For Deeya Energy, good things come in threes. The Fremont, Calif.-based startup, which is working on energy storage technology for three applications — replacing diesel generators, stockpiling renewable energy, and stabilizing the electric grid — has just closed a third round of financing. The oversubscribed $30 million round brings Deeya’s total venture capital investment since its founding in 2004 to $53 million.
New investor Technology Partners — which has also backed Abound Solar and Tesla Motors — led the round, and existing investors BlueRun Ventures, Draper Fisher Jurvetson and New Enterprise Associates also joined. At this point, the company says it plans to use the new investment to expand operations and ramp up production of its so-called L-cell technology. Deeya’s modular devices (pictured) are an example of flow battery tech — they use large tanks full of dissolved electrolytes to store power at utility scale.

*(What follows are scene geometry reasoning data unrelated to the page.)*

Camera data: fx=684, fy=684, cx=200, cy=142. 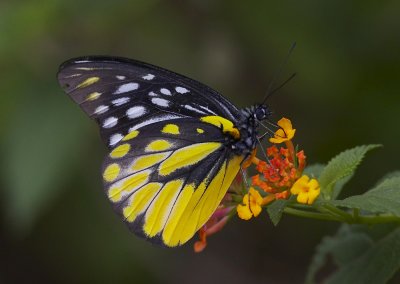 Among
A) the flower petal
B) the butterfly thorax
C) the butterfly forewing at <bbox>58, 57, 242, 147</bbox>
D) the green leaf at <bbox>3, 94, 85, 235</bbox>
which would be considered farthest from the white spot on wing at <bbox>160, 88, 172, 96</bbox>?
the green leaf at <bbox>3, 94, 85, 235</bbox>

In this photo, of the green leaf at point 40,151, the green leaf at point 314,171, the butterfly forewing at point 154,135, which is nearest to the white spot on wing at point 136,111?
the butterfly forewing at point 154,135

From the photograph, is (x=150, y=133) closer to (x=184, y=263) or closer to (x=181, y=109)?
(x=181, y=109)

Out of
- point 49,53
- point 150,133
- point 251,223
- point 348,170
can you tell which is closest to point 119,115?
point 150,133

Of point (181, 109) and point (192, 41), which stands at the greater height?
point (192, 41)

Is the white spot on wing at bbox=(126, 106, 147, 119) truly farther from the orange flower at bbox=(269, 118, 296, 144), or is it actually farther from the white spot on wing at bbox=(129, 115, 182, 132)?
the orange flower at bbox=(269, 118, 296, 144)

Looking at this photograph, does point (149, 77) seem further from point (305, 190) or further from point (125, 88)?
point (305, 190)

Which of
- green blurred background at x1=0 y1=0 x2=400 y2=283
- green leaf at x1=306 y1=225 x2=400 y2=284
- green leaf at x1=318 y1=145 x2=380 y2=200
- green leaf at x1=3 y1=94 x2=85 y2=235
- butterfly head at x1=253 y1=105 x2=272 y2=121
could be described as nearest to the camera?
green leaf at x1=318 y1=145 x2=380 y2=200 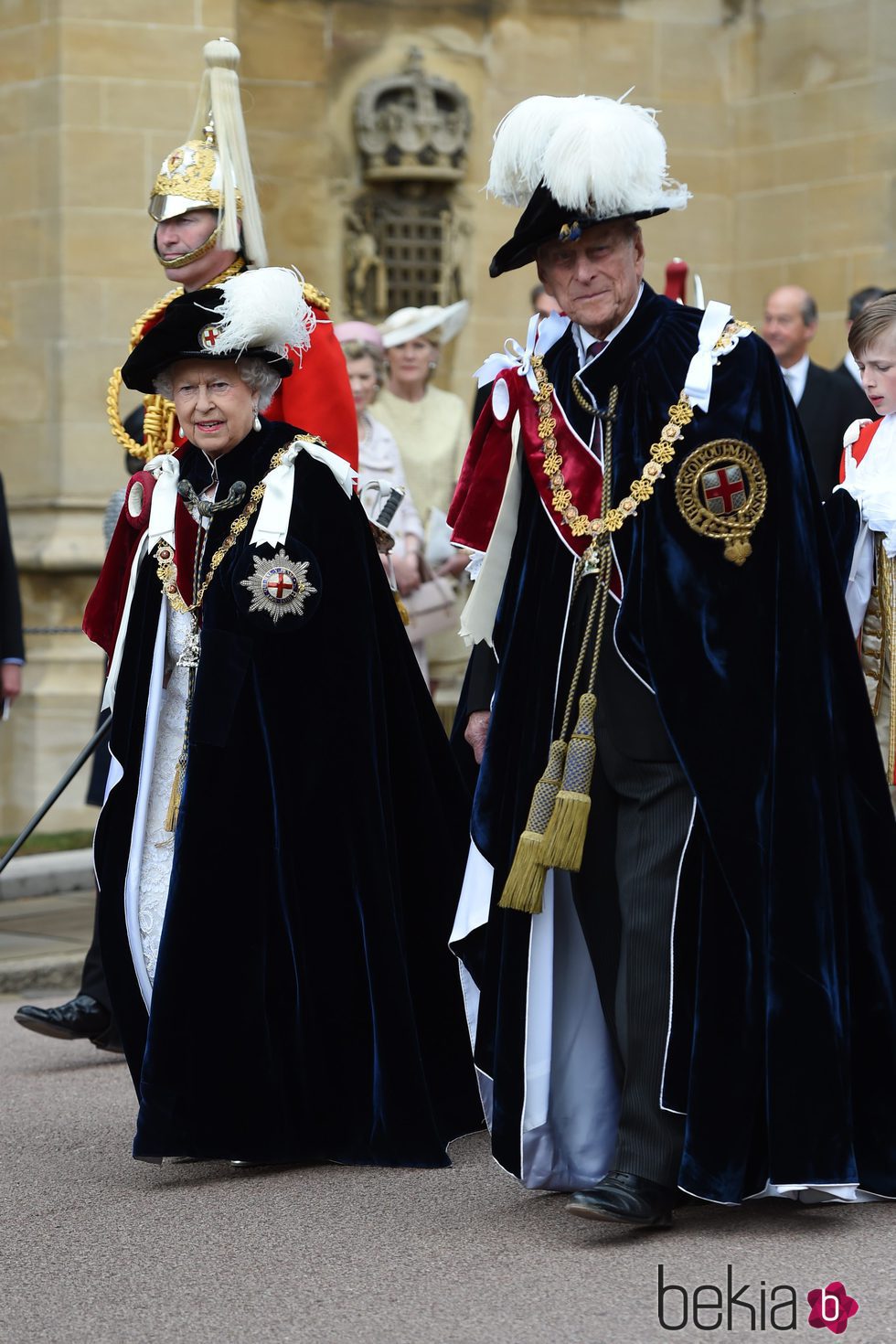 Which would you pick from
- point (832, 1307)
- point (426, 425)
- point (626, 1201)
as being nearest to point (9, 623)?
point (426, 425)

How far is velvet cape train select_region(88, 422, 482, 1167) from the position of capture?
17.1ft

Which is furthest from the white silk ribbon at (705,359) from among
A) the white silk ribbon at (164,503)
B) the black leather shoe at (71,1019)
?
the black leather shoe at (71,1019)

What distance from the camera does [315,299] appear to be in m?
6.11

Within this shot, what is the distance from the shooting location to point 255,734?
5.30 m

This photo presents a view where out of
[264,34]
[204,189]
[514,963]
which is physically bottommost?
[514,963]

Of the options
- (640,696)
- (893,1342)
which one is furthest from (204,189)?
(893,1342)

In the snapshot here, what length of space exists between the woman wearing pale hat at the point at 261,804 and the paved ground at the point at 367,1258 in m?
0.19

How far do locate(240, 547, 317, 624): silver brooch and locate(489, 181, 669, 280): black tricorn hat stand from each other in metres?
0.89

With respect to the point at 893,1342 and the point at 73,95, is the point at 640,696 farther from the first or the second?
the point at 73,95

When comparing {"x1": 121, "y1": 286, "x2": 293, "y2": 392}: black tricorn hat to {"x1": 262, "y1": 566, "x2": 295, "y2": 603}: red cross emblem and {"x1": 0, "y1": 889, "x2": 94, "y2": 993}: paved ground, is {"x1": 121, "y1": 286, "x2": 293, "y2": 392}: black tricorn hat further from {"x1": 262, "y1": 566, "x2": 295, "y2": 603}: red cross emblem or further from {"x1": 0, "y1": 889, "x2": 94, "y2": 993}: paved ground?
{"x1": 0, "y1": 889, "x2": 94, "y2": 993}: paved ground

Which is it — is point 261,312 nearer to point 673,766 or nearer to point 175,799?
point 175,799

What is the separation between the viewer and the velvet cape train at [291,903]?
521 centimetres

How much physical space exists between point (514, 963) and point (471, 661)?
24.9 inches

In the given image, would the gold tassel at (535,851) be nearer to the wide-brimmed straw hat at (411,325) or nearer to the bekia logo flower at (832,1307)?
the bekia logo flower at (832,1307) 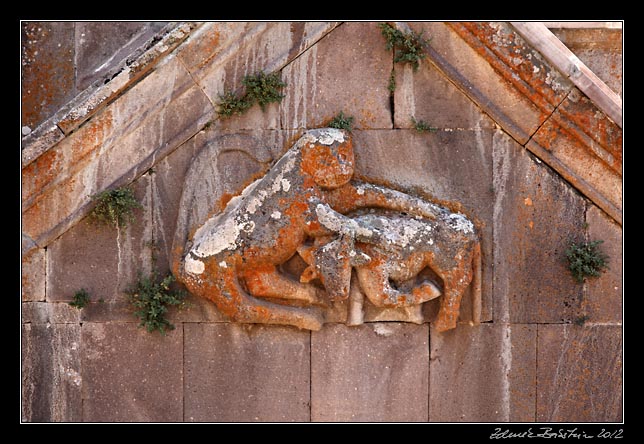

Large-scale energy storage is getting to be a crowded space these days. Fellow startups EEstor, Altairnano (s ALTI) and A123Systems are all looking to connect high-capacity, fast-charging energy storage devices to the energy grid. To be sure, updating the electric grid to make better use of wind and solar resources (which can’t be called up on demand like a coal-fired power plant) remains a work in progress. But the idea is to store excess energy generated at night or during other periods of low demand, and then deploy that clean power when demand spikes instead of firing up polluting power plants.